I'd actually like to rebuke some of the negative points.
O/R mapping tools do not perform well with bulk processing of data. Stored procedures may have better performance, but are not portable
NH has many optimizations for bulk data processing (batching and caching are the first that come to mind). And you can always add stored procedures for some cases, it's not an "all-or-nothing" proposal.
Heavy reliance on ORM software has been pointed to as a major factor in producing poorly designed databases
I've actually seen the opposite: supposedly optimized DB-first designs that fall apart when the real use cases are implemented. In any case, it's a developer failure; you can do poorly with or without an ORM
Not suited at all for batch processing
Absolutely not true. NH has many features specifically designed for batch processing, like Stateless Sessions. Of course it's hard to beat the performance of a SP running in the DB server, but apart from that, it'll usually do just as well as adhoc ADO.NET code.
No code generation or code designer
False. There are several products that provide that. Check http://nhforge.org/wikis/general/commercial-product-ecosystem.aspx
Bad reputation due to lazy coding
If you do SELECT * FROM TABLE it will perform badly too. I fail to see how NH is to blame.
It's not from Microsoft
Neither are Oracle, the iPod or BMWs, yet people use them
It's open source
There is commercial support available. And, unlike what happens with MS products, the support is provided by people who know the internals and can fix them in a few hours instead of a few years.
When your manager decides which technology you have to use, your manager should be able to understand the technical reasons. Otherwise, he should trust the developers (they have the knowledge to make the decision) to decide. I can think of more useful things for a manager than making technical decisions he does not understand enough.
When your boss is like Dilberts pointy haired boss, I would go for the time and money saving argument (for every technical decision the manager wants to be involved in).
Take a look at this list of features of a real-world ORM. For any non-trivial project you will eventually end up using 80%+ of those features. So, either you can build those features yourself or you can use NHibernate. If you choose to build it yourself, be prepared to invest about $7.5M and 140 person years. Or you can just use NHibernate, save the money and effort, and benefit from the huge knowledge base available on the net, books, community, etc, and even use (if necessary) one of the high-quality commercial support providers available.
You need to express it in terms of time and money - impact on development and maintenance time and impact on user time. ORM use is way too often the cause of a system that is strangling itself in poor performance (and which is now too far along the design path to change), so you need to address to the managers how you intend to avoid doing this.

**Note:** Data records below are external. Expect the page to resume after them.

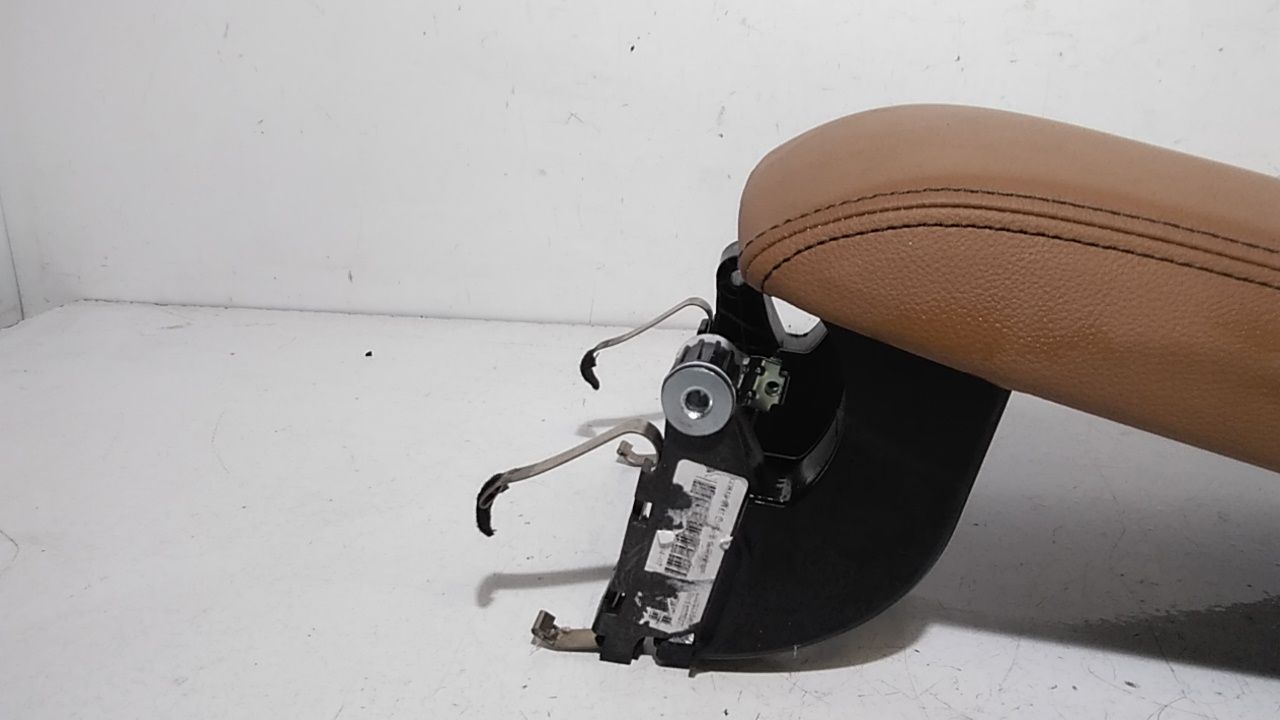 Bracciolo centrale BMW iX3 Elettrica (G08) 80kW / 109 cv (20>)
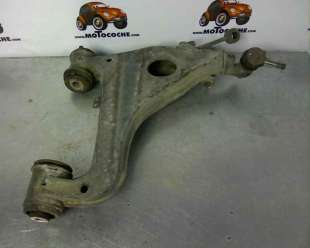 Recambio de brazo suspension inferior delantero derecho para mercedes-benz clase e (w210) berlina diesel 1995-2002 290 turbodies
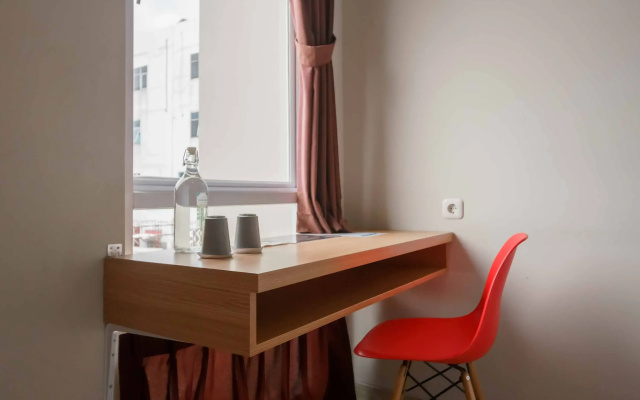 Palm Eight Residence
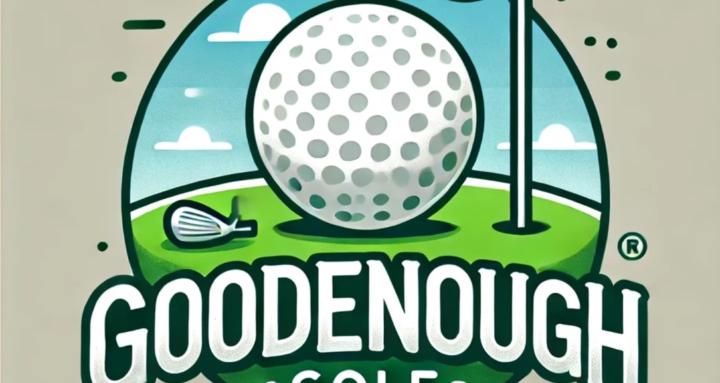 GoodEnoughGolf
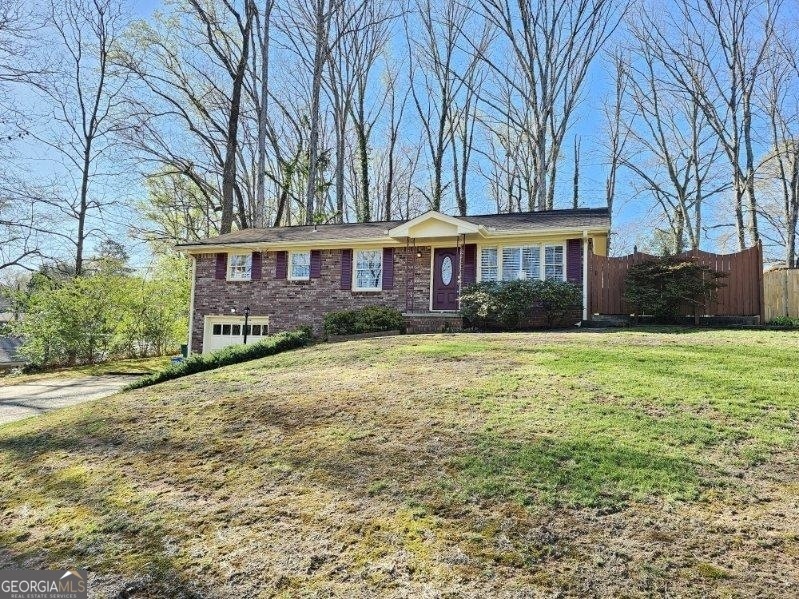 960 Eleanor Way SE, Smyrna, GA 30080 - photo 1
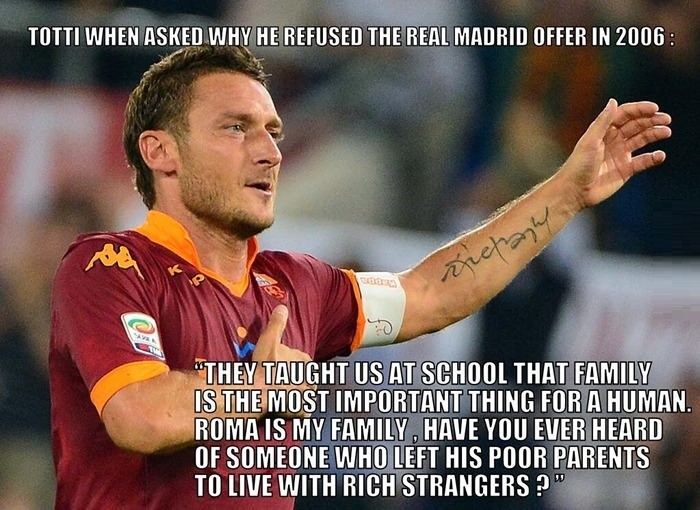 Francesco Totti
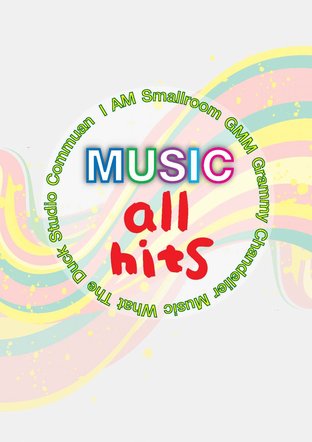 MUSIC ALL HITS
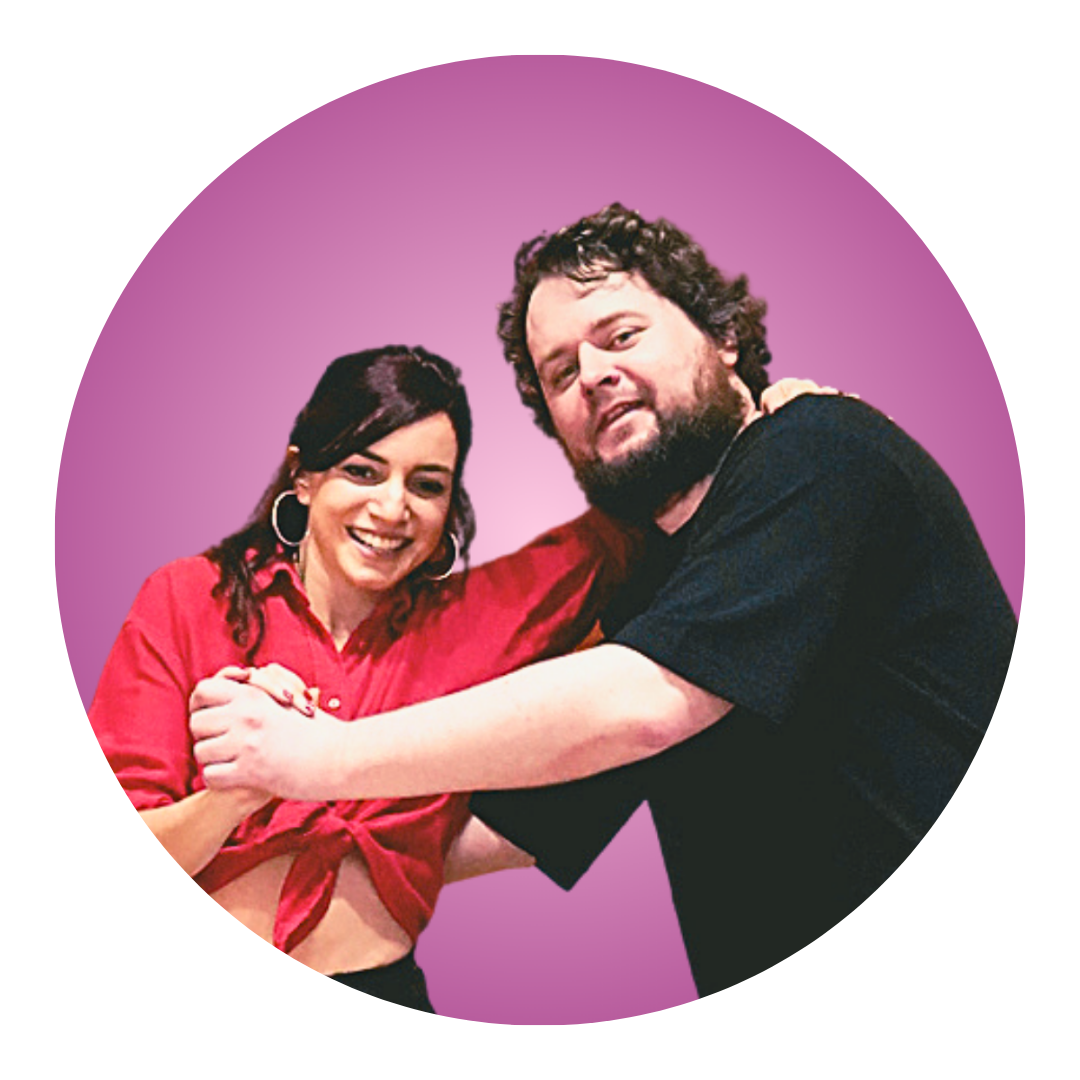 Melanie Casabone & Bartosz Przybylski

Frankly dev time and maintenance time are peanuts compared to wasted users time from bad implementation of an ORM. Yes it can be done right to avoid that but it usually is not. Often this is because the devs who use ORM don't understand databases and don't want to understand databases. ORM in the hands of a database expert, good thing, ORM in the hands of an application programmer who can't write basic SQL and who doesn't even understand joins, disaster waiting to happen.

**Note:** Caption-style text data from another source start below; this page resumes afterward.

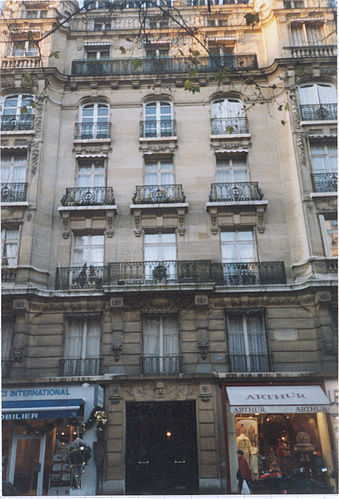 Pierre Humbert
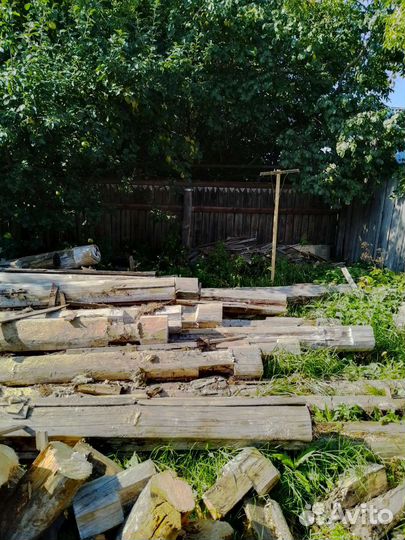 Дрова бесплатно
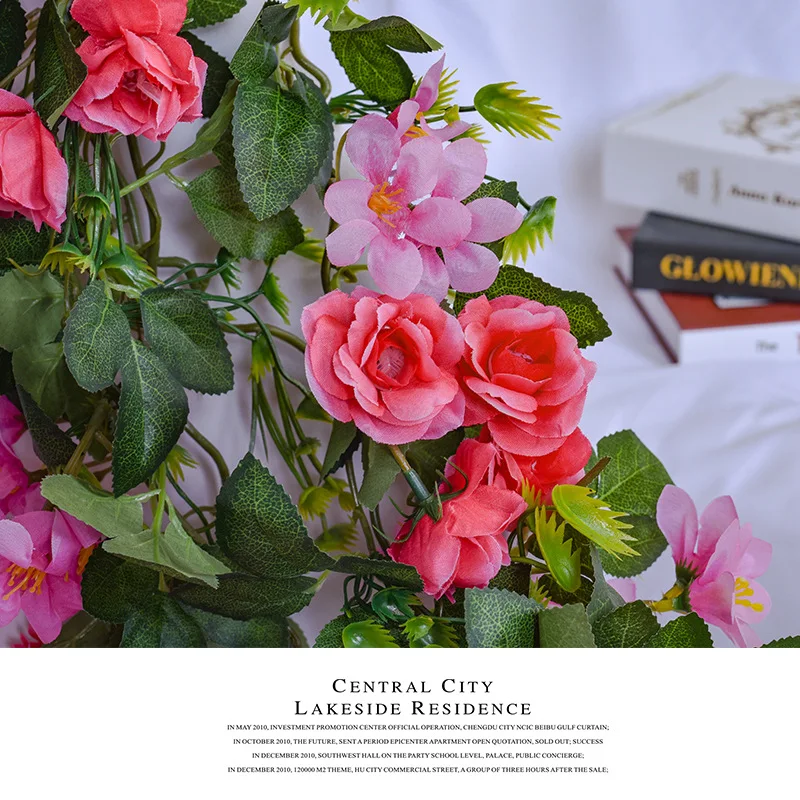 Artificial Wedding Decoration Flowers Artificial Flower At Low Prices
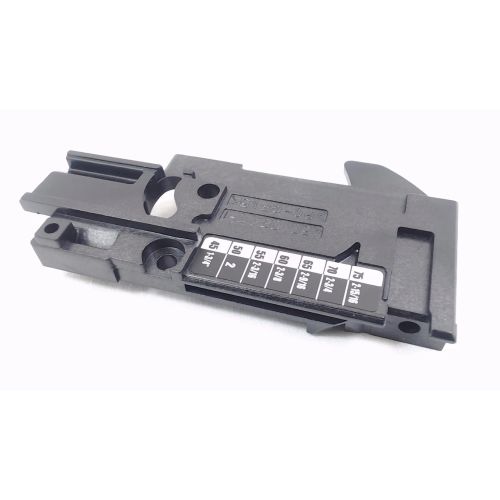 Makita 158378-6 BOXCOVER COMPLETE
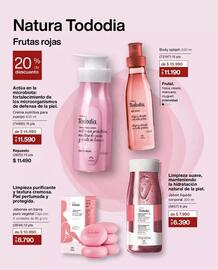 Catálogo Natura Página 127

No code generation or code designer
As Diego pointed out, there are third party tools. However, I would like to stress that NOT having to use a designer is a strength of NHibernate. Designers typically don't scale in the following ways:
- What good is a design surface when an application has many, many entities? A visual designer just slows you down with noise at that point.
- Designers typically have issues with merging. They work great when only one developer needs to edit the model at a time. The more devs you have on a project, the more potential trouble there is for merging the designer files.